With plenty of evidence and witnesses, a case will likely move forward and speculation is on what type of defense Roeder’s attorneys will rely on during the trial. Some observers say they could say Roeder suffered from mental illness at various times in his life.

Roeder says he is not mentally ill now, although his family members have told the media that he has suffered from mental health issues throughout his life. He was diagnosed with schizophrenia in his late teens and Roeder blames that on drug use at the time.

Defense attorneys are not likely to rely on self-defense as a possible defense for Roeder because Roeder was not defending himself or anyone else at the time of the shooting.

Roeder faces life in prison with the possibility of parole after 25 years if convicted of first-degree murder.

Tiller was one of the few abortion practitioners in the United States to do late-term abortions and he had been a subject of legal and peaceful efforts by pro-life groups at the time of the shooting.

Organizations had been working to get the state medical board to revoke Tiller’s license because of allegations that some of the abortions he did violated state law but not having an independent physician certify they were necessary.

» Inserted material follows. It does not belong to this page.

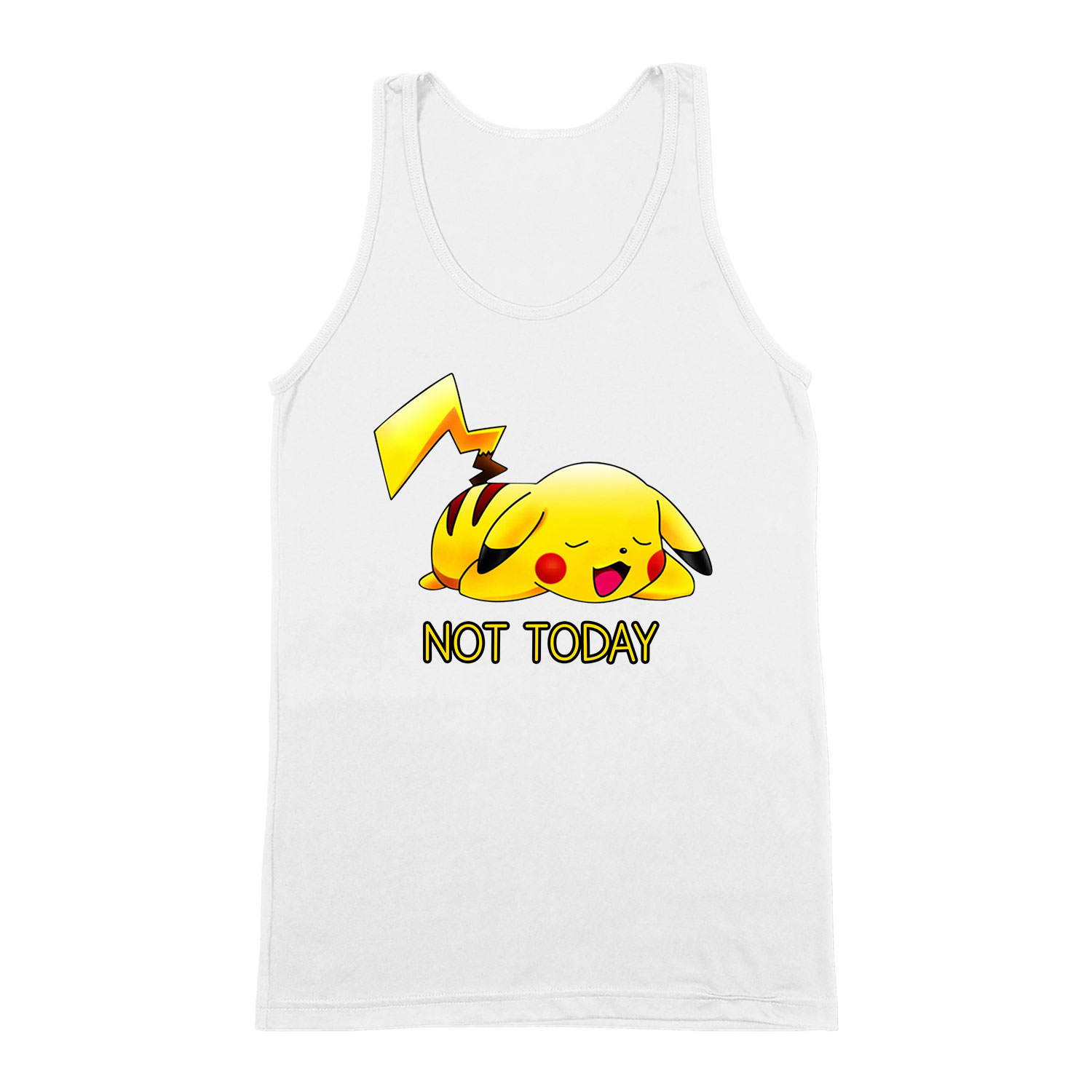 not today pikachu pokemon Fehér Férfi Trikó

Hundreds of pro-life groups condemned the Tiller shooting immediately or in the days following, but that didn’t stop abortion advocates from claiming they supported the killing or calling the majority of Americans who take a pro-life view "terrorists."

National Right to Life, a large nationwide pro-life group, said it "extends its sympathies to Dr. Tiller’s family over this loss of life."

"The National Right to Life Committee unequivocally condemns any such acts of violence regardless of motivation. The pro-life movement works to protect the right to life and increase respect for human life. The unlawful use of violence is directly contrary to that goal," it said.

Meanwhile, Justice Department spokesman Alejandro Miyar told AP that the federal government is looking at federal charges against Roeder in connection with Tiller’s death.